To be sure, the Thai government has grand plans for its higher-education system.

Some of its latest proposals have focused on turning the nation into a hub for higher education in Southeast Asia by 2016, drawing more international students from the region. The government has yet to offer many details on the plan, but Thailand faces stiff competition in this venture; Hong Kong and Singapore have already become regional centers for higher education.

The Thai government also wants to create a $157-million "science city" in an industrial park east of Bangkok in part to stimulate science education. The government wants to work with university researchers and technology businesses to develop it.

But some say those efforts are misplaced. Rather than pump millions of dollars into glitzy endeavors, they would like the government to fortify the country's basic higher-education structure.

In 1999, the government sought to create a sweeping overhaul of the higher-education system, focusing on issues like improving teacher standards. But Christopher Johnson, an American who was an assistant professor for six years at Bangkok's National Institute of Development Administration, says "80 to 90 percent" of the plan was never acted on.

Mr. Johnson, who now teaches education at Taiwan's National Cheng Kung University, argues that without reform, problems like professors at research institutions who do not actually publish research, and the lack of rigorous course work for students, will persist.

Of Thai students' lack of motivation, he says, "The attitude is, I am paying for my education, so give me a degree. It's as if they're saying, 'I have gone into McDonald's and ordered my burger and fries.'"

Thailand's Ministry of Education and its Office of the Higher Education Commission declined to respond to several requests to discuss their plans beyond what has been publicly disclosed.

But Omporn Regel, a World Bank expert on Southeast Asian higher education who helped write the 2009 report, defends the government's policies. She says that Thailand's plan to become an education hub would push universities to compete with others in the region and force them to improve. She also called the science-city idea laudable.

"Having these ideas doesn't necessarily hamper reform," she says.

Political Unrest

Given the polarized political environment in Thailand, it's unclear whether any education projects will be able to gain much ground in the coming years.

From April to May, anti-government protesters rallied in the capital, paralyzing part of the city.
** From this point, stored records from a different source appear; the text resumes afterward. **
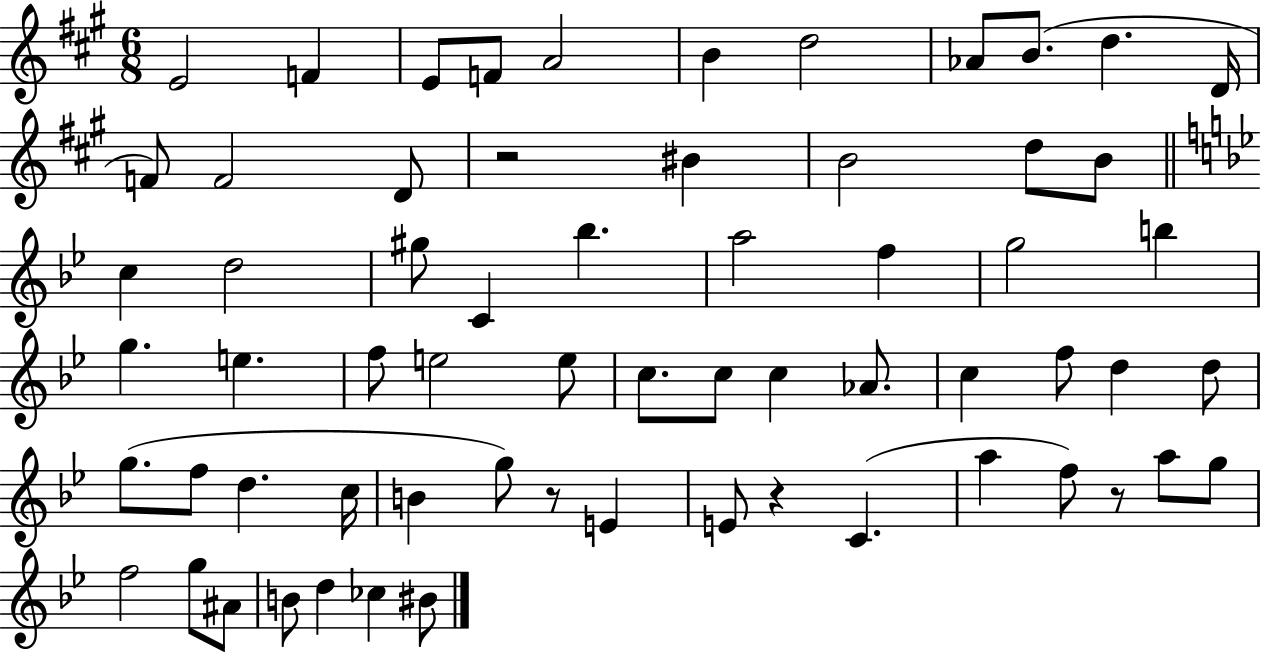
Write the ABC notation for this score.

X:1
T:Untitled
M:6/8
L:1/4
K:A
E2 F E/2 F/2 A2 B d2 _A/2 B/2 d D/4 F/2 F2 D/2 z2 ^B B2 d/2 B/2 c d2 ^g/2 C _b a2 f g2 b g e f/2 e2 e/2 c/2 c/2 c _A/2 c f/2 d d/2 g/2 f/2 d c/4 B g/2 z/2 E E/2 z C a f/2 z/2 a/2 g/2 f2 g/2 ^A/2 B/2 d _c ^B/2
Ninety-one people were killed in clashes with the military.

Nicholas Farrelly, an associate lecturer at Australian National University and an expert on mainland Southeast Asia, says "comprehensive higher-education reform is unlikely in the current national climate." He says improving the country's university system is a long-term project that would require "a culture of free inquiry and open debate" that is now lacking.

Indeed, on July 29, the Office of the Higher Education Commission sent a letter to all universities in Thailand, asking them to monitor the political content of student plays and other productions, according to local news media. And Prachatai, which has been censored by the government, reported that security guards seized political posters from students who were peacefully protesting a visit to Bangkok's elite Chulalongkorn University by Prime Minister Abhisit Vejjajiva.
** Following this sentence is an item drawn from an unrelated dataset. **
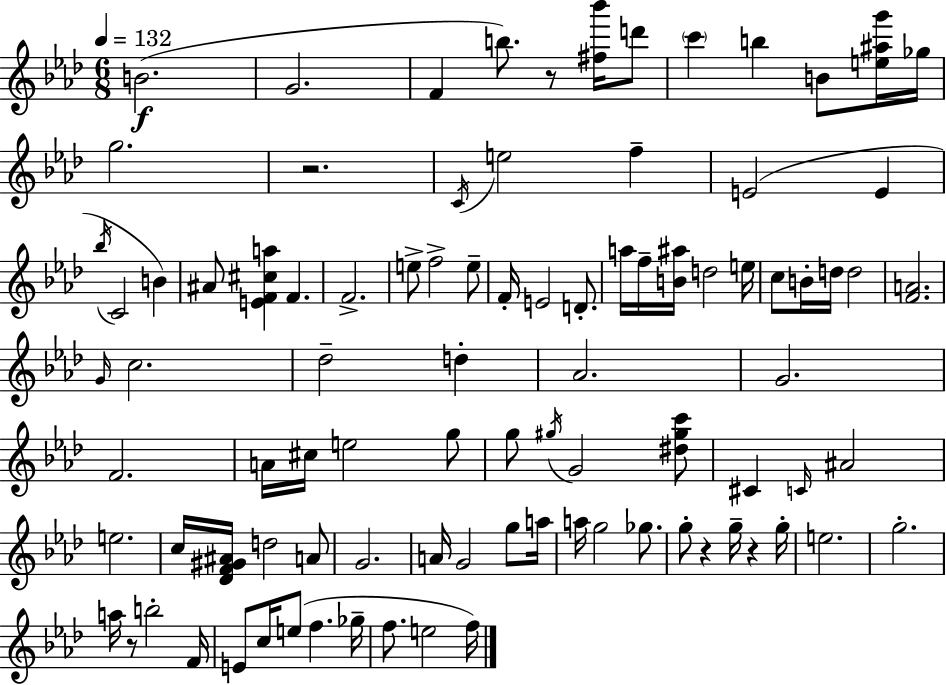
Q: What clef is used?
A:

At Ramkhamhaeng, students and professors are for the most part focused on their own work, and administrators don't offer to comment on the need for higher-education reform at the national level.

The university was established in 1971 as an alternative to Chulalongkorn University, Thammasat University, and the country's other exclusive institutions.
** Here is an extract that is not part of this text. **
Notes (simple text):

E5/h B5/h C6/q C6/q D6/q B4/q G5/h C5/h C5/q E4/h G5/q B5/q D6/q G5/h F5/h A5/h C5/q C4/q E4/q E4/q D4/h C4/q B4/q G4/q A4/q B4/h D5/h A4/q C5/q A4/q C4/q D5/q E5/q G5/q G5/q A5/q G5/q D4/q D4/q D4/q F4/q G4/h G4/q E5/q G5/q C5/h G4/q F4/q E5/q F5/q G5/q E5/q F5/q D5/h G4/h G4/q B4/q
"This university is for the masses," says Anchamai Sukee, an education professor, smiling. "Even farmers can study here—people from all walks of life."

It has a mixed academic reputation, with its voluntary class attendance and mammoth class sizes a detriment, some say. But some employers say that the school's graduates display diligence, while students at other colleges are used to being coddled. And the Ramkhamhaeng students seem content.

At the university's main Bangkok campus, a temple with a red, spired roof sits on a spit of land surrounded by a lake. Academic buildings are positioned on the outer fringes along the water, and students sit on benches, studying.

Manop Laumkaew, a freshman from Sisaket, a rural area near the border with Cambodia, says he likes Ramkhamhaeng University because "we can study and work at the same time and can choose subjects to study on our own," he says. He earns 130 baht, or just over $4 per day, at his work-study job in the computer lab.

Luke Cassady-Dorion, an American who is studying the Thai language at Ramkhamhaeng, praises what he calls the university's democratic approach to education. He says Ramkhamhaeng's curriculum is challenging and points to a well-known Thai saying about the institution that refers to its open enrollment—and the fact that graduating is not always a sure thing.

"There's an expression in Thai," he says. "Ramkhamhaeng—it's easy to get in but hard to get out."